Am I missing something here, or is part of the problem that we’re trying to do two incompatible things at once? The point of a clinical trial is to determine whether a given treatment is effective, and (if you’re lucky) to quantify that effect. In the long run, it’s more valuable to get the best possible information out of the trial than it is to treat the trial participants effectively. Trial participants sign waivers that assert they understand this, and are OK with it.

Thank you so much John. That’s really insightful (note for those who don’t follow the link is it’s a paper on exactly the topic I was asking about written by John).

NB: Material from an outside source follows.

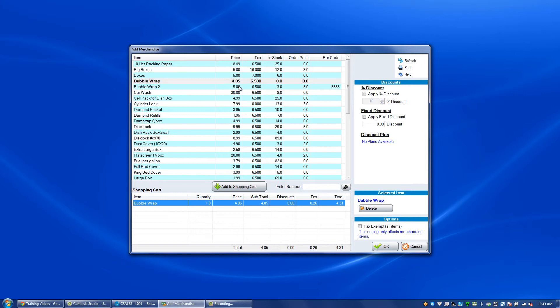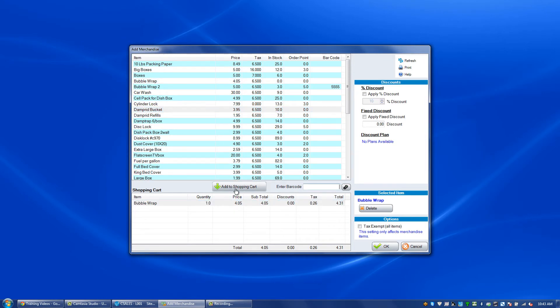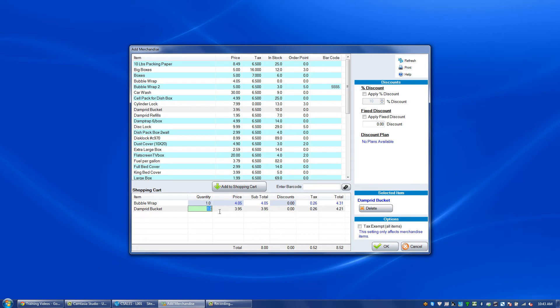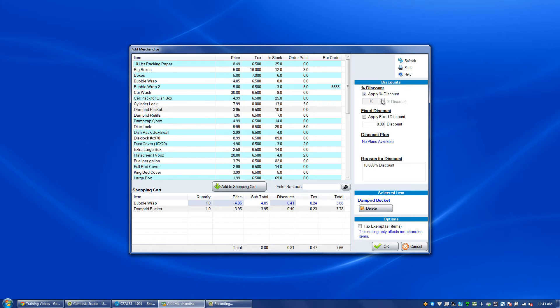We can double-click on an item or highlight an item and click add to shopping cart. If we have the right to do so, we can change the quantity or the price or give a discount. There are options in the upper right-hand corner to apply a discount percentage or apply a fixed discount to the particular items, again if we have the right to do so.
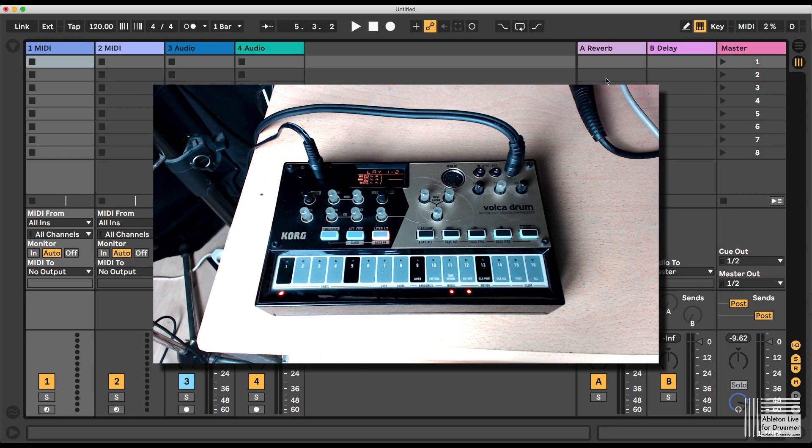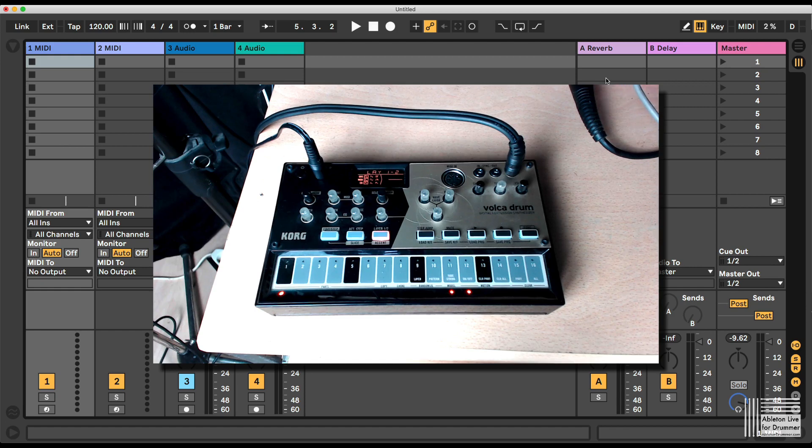If you want to use the Volker drum editor, you need to make a MIDI hardware connection first.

Follow up question: while AR still has better expected value under population drift wouldn’t drift increase the variance issue discussed here? Particularly for rising tide.

Although, as I ask that question I suspect the answer is: yes, but not by much. It appears from your research that even large drift has only a subtle effect on results.

When you say that “[…] it seems that AR is less powerful than ER […]” what do you mean by “less powerful”? Just that given the same amount of trials AR is less likely to detect subtle effects than ER?

Oh, one more follow up question. In the paper you are looking at situations where the size of the drift is similar to the difference in the response probabilities of the two arms. Did you look at situations where the size of the drift was 4x or 8x larger than the difference? So one arm’s response rate is 0.32 vs 0.30 but they drift to 0.22 and 0.20.

Dave: Yes, we’re trying to do two things at once, and they are in tension. We’re trying to treat patients in the trial more effectively, and determine an accurate result, which means treating future patients outside the trial more effectively. You can combine these into a single optimization problem by projecting how many future patients will be involved. This depends highly on context. For a very rare disease, maybe there are more patients in the trial than future patients.

Steven: Population drift is a real problem for estimation. It’s not even clear what the correct answer should be if the thing you’re measuring is changing over time.